Gestern Abend in der rheinland-pfälzischen Staatskanzlei ein engagiertes Gespräch zwischen der rheinland-pfälzischen Ministerpräsidentin Malu Dreyer und dem ehemaligen Premierminister von Japan, Naoto Kan.

Naoto Kan war 2011 Premierminister Japans als es zur Atomkatastrophe in Fukushima kam. Eindrucksvoll berichtete er im Gespräch mit Malu Dreyer und in einem anschließenden Vortrag vor zahlreichen Zuhörerinnen und Zuhörern im Festsaal der Staatskanzlei von seinen Auseinandersetzungen mit Tepco, den Betreibern der Atomkraftwerke in Fukushima und den bis heute anhaltenden Gefährdungen für die Bevölkerung durch die Kernschmelze. Engagiert beschreibt er seinen Weg, wie er von einem Befürworter der Atomenergie zu einem ihrer energischen Gegener wurde und wie er bis heute sein gesamtes politisches Gewicht für einen Ausstieg aus der Atomenergie einsetzt.

Für seinen Mut erhält er am Samstag im Frankfurter Römer den internationalen Preis „Courage beim Atomausstieg“. Dass dies möglich wurde, daran war maßgeblich das Zentrum Oekumene beteiligt.

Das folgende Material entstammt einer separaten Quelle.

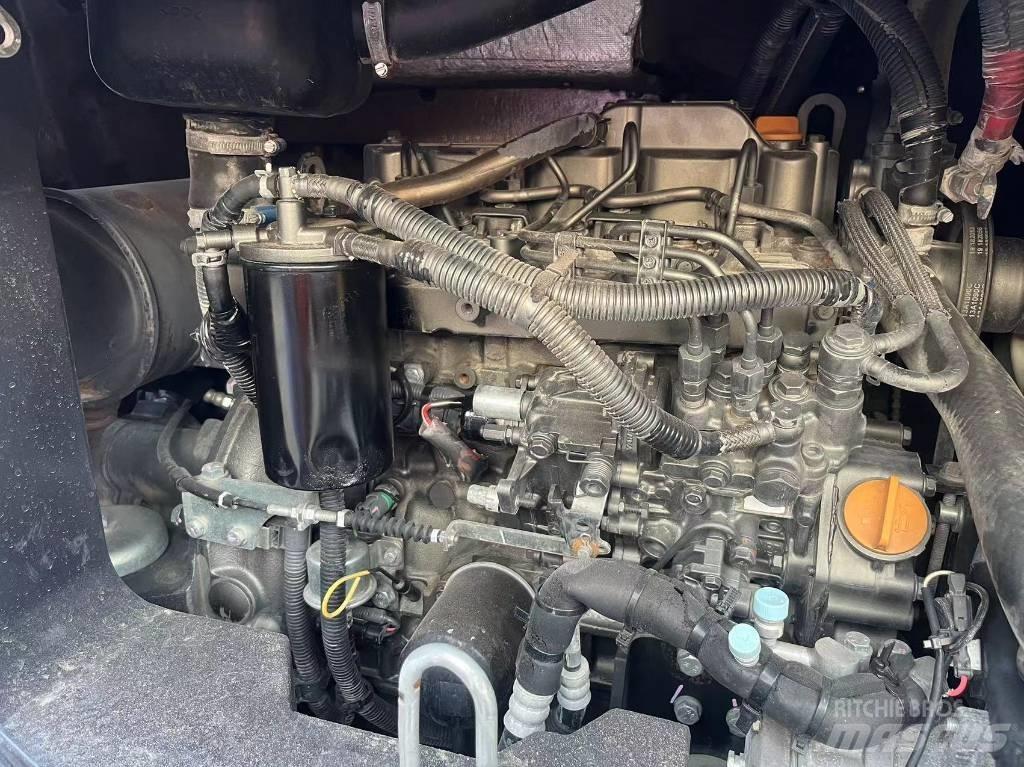 Hitachi ZX 55 USR Міні-екскаватори < 7т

Das gab mir Gelegenheit zu einer entsprechenden Würdigung zu Beginn seines Vortrages in der Staatskanzlei.

 

Begrüßung anlässlich der Rede des ehemaligen Premierministes von Japan, S.E. Naoto Kan 28. April 2016 im Festsaal der Staatskanzlei in Mainz durch OKR Pfr. Detlev Knoche, ZOE, Frankfurt

Sehr geehrte Damen und Herren,

Als Vertreter der Evangelischen Kirche freue ich mich sehr, Sie alle anlässlich des Vortrages des ehemaligen Premierministers von Japan, S.E. Naoto Kan, hier begrüßen zu dürfen. Ich überbringe Ihnen auch die herzlichsten Grüße von Kirchenpräsident Dr. Jung, der Stellvertretenden Kirchenpräsidentin Frau Scherf und den Mitgliedern der Kirchenleitung.

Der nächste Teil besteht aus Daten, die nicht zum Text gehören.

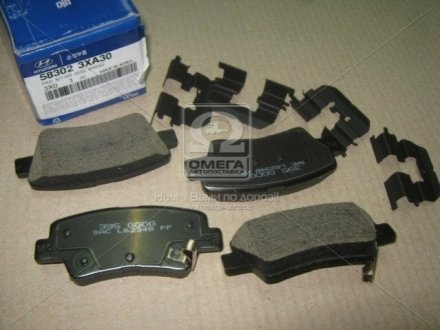 Колодки дискового гальма Hyundai / Kia / Mobis 583023XA30 (фото 1)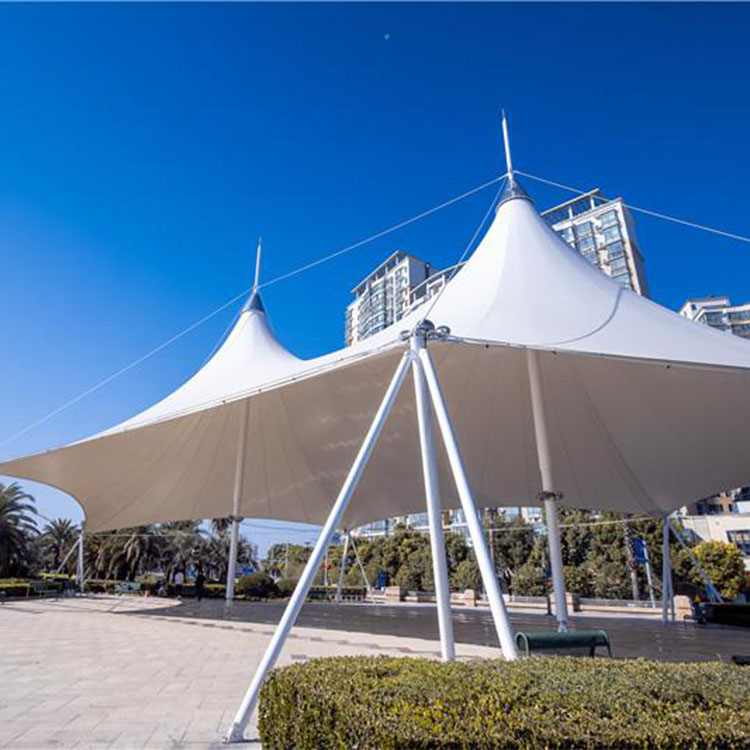 房县膜结构景观棚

Herr Kan wurde nach Deutschland eingeladen, da er als erster Preisträger für den internationalen Preis „Courage beim Atomausstieg“ gewählt wurde. Die Preisverleihung, eine Kooperation der Stadt Frankfurt und der Evangelischen Kirche in Hessen und Nassau, findet am 30. April im Kaisersaal des Frankfurter „Römer“ statt.

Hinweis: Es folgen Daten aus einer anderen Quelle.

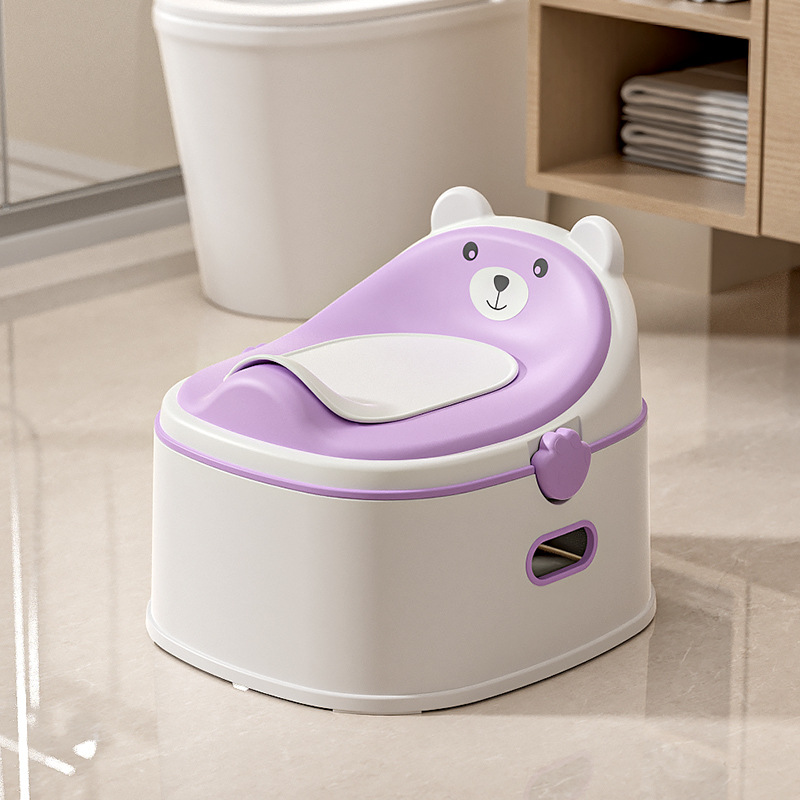 Inodoro para niños, inodoro para bebés tres en uno, inodoro para niños y niñas, orinal, taburete para bebés, orinal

Der heutige Abend ist eine Kooperation der Landeszentrale für politische Bildung und dem Zentrum Oekumene. Es ist eine gute Tradition, dass wir von der Evangelischen Kirche in Hessen und Nassau mit der Landeszentrale für politische Bildung oder anderen Institutionen des Landes Rheinland-Pfalz kooperieren. Dies beruht auf intensive Erfahrungen und Zusammenarbeit im Rahmen der Millenium Development Goals und Veranstaltungen im Rahmen der Millenium Gates hier in Mainz.

Für Japaner mag es ungewohnt sein, dass eine religiöse Gruppe so eng mit einer staatlichen Institution zusammen arbeitet. Aus den Kriegserfahrungen hat man in Japan nach 1945 eine scharfe Trennung von Staat und Religion vollzogen. Dem gegenüber hat man in Deutschland ein Rechtssystem eingeführt, das sowohl die Trennung von Staat und Kirche vorsieht, als auch die Kooperation zwischen beiden in der Gesellschaft ermöglicht. Hier übernehmen Kirchen und andere zivile Gruppen gesellschaftspolitische Verantwortung und beteiligen sich aktiv an der öffentlichen Diskussion.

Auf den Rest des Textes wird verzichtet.